*** EXTRACTED DATA ***

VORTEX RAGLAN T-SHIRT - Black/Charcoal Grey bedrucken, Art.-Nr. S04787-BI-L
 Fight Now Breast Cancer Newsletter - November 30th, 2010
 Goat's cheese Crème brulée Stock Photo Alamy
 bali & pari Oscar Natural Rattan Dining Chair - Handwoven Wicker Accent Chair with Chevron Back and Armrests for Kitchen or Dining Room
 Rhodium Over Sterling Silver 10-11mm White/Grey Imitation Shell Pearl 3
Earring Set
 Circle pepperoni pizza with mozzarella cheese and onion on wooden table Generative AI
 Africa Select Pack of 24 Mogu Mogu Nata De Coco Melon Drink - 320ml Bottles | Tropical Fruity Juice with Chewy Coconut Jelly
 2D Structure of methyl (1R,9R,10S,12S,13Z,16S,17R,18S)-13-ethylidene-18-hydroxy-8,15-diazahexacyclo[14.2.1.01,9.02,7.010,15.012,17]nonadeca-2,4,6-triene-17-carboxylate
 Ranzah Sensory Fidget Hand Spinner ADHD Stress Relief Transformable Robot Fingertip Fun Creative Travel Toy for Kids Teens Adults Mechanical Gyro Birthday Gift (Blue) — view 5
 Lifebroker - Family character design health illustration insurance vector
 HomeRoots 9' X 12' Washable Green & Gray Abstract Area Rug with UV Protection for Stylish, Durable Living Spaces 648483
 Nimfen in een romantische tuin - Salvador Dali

*** End of EXTRACTED DATA ***

REQUIRED ACTION
Please return exactly the lines from the opening line of the data above through the line with "Lifebroker - Family", both included and nothing else.

RESPONSE FOR THIS EXERCISE
VORTEX RAGLAN T-SHIRT - Black/Charcoal Grey bedrucken, Art.-Nr. S04787-BI-L
 Fight Now Breast Cancer Newsletter - November 30th, 2010
 Goat's cheese Crème brulée Stock Photo Alamy
 bali & pari Oscar Natural Rattan Dining Chair - Handwoven Wicker Accent Chair with Chevron Back and Armrests for Kitchen or Dining Room
 Rhodium Over Sterling Silver 10-11mm White/Grey Imitation Shell Pearl 3
Earring Set
 Circle pepperoni pizza with mozzarella cheese and onion on wooden table Generative AI
 Africa Select Pack of 24 Mogu Mogu Nata De Coco Melon Drink - 320ml Bottles | Tropical Fruity Juice with Chewy Coconut Jelly
 2D Structure of methyl (1R,9R,10S,12S,13Z,16S,17R,18S)-13-ethylidene-18-hydroxy-8,15-diazahexacyclo[14.2.1.01,9.02,7.010,15.012,17]nonadeca-2,4,6-triene-17-carboxylate
 Ranzah Sensory Fidget Hand Spinner ADHD Stress Relief Transformable Robot Fingertip Fun Creative Travel Toy for Kids Teens Adults Mechanical Gyro Birthday Gift (Blue) — view 5
 Lifebroker - Family character design health illustration insurance vector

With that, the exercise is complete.